THE DATA:
_ _ _
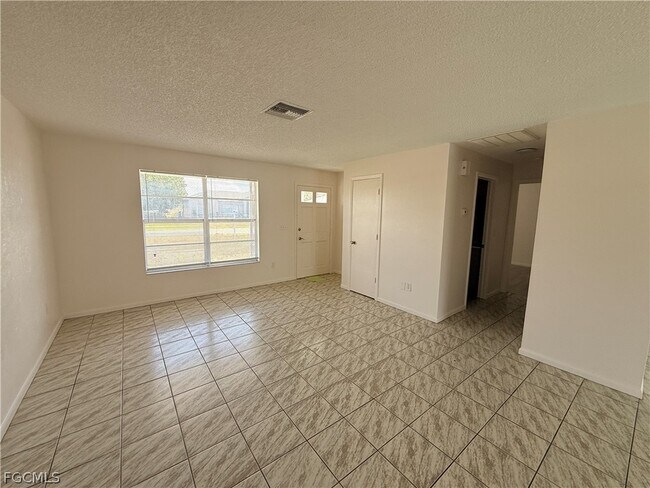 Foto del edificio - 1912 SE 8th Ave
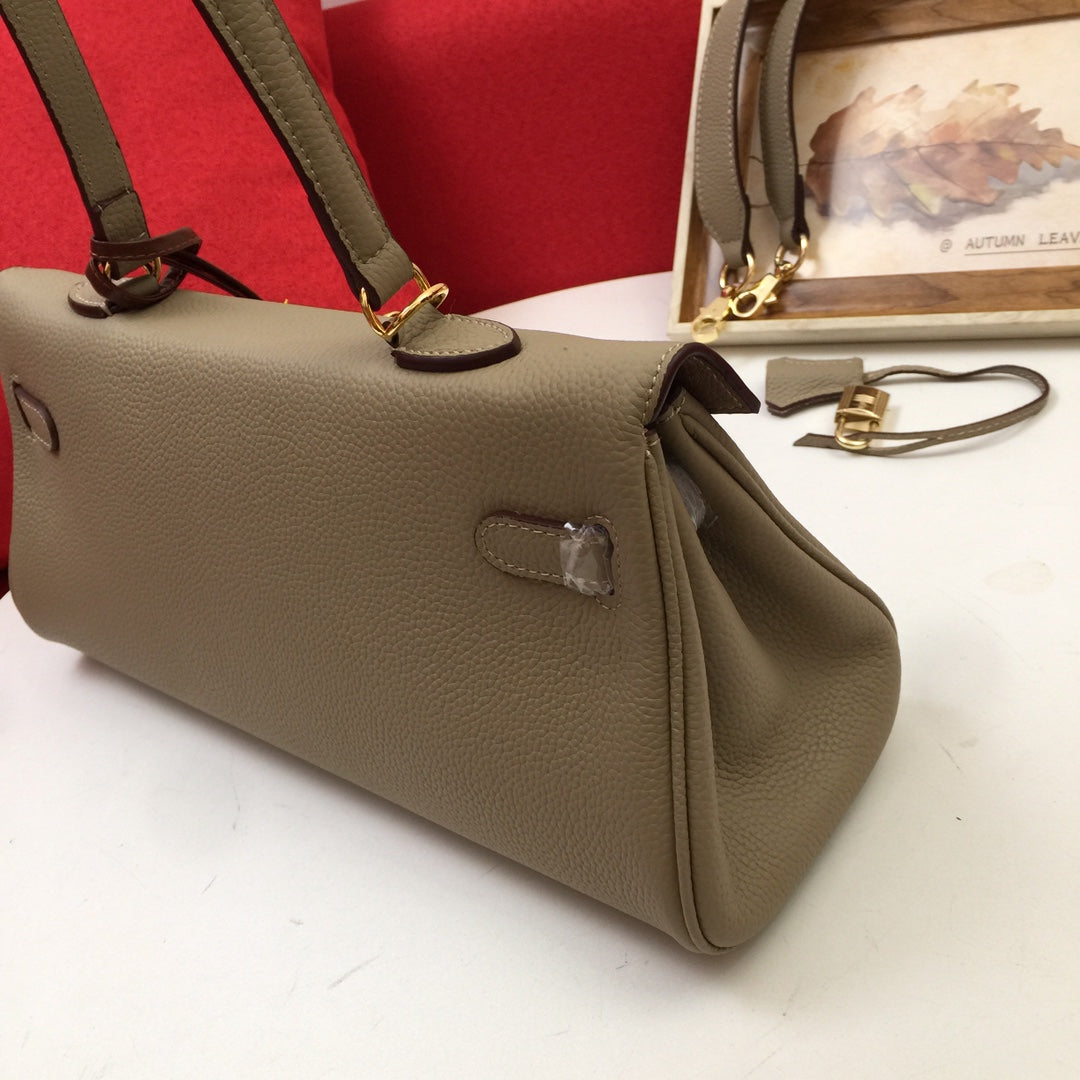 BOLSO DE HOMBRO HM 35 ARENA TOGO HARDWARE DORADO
_ _ _
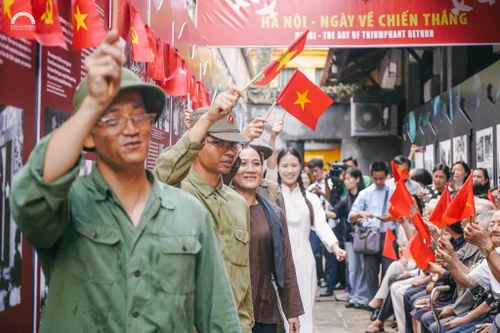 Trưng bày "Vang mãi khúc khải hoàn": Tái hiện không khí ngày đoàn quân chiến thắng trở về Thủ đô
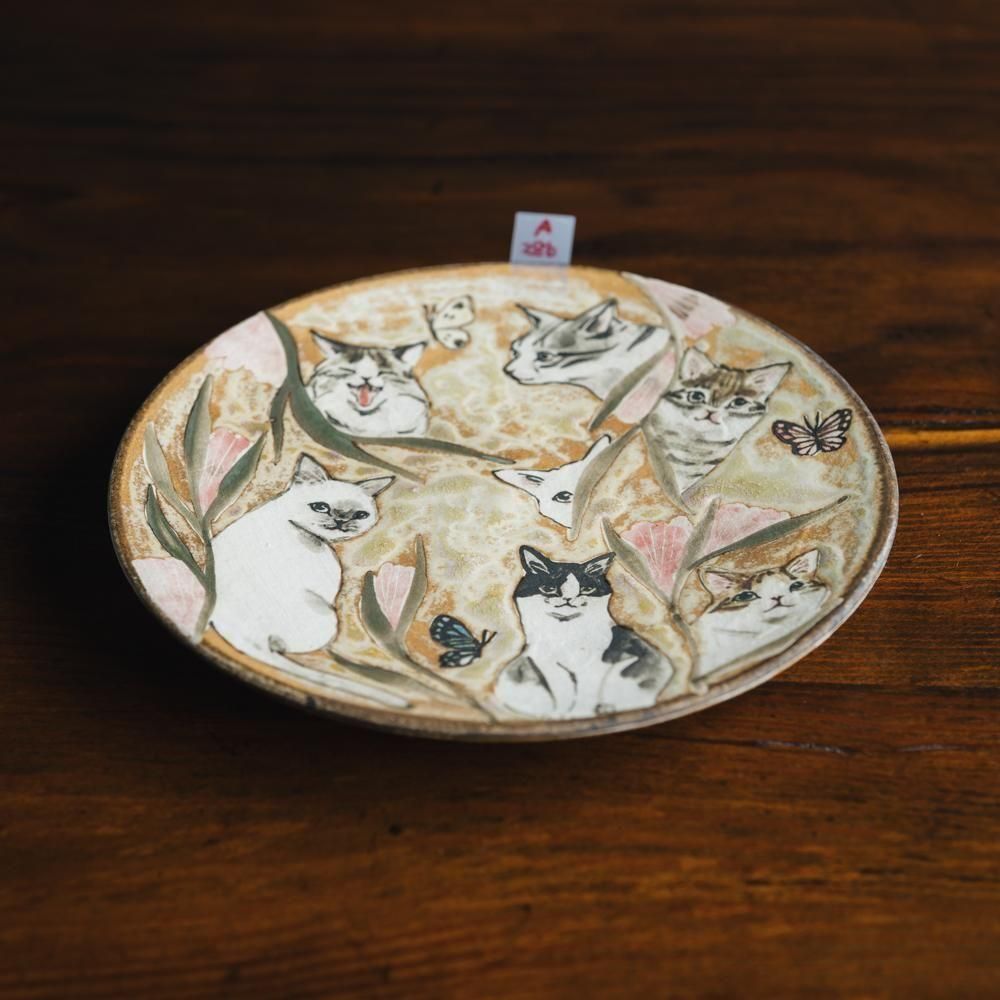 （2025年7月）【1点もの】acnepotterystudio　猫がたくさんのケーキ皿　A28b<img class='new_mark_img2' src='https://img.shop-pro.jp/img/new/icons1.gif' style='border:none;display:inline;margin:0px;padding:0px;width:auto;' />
_ _ _
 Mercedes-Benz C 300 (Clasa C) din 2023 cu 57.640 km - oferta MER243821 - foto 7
_ _ _
INSTRUCTIONS FOR THE TASK:
A verbatim reproduction is expected: starting at the line above that has "Foto del edificio - 1912 SE 8th Ave", ending at the line that has "BOLSO DE HOMBRO", both included, and with no pictures and no other lines.

RESPONSE:
 Foto del edificio - 1912 SE 8th Ave
 BOLSO DE HOMBRO HM 35 ARENA TOGO HARDWARE DORADO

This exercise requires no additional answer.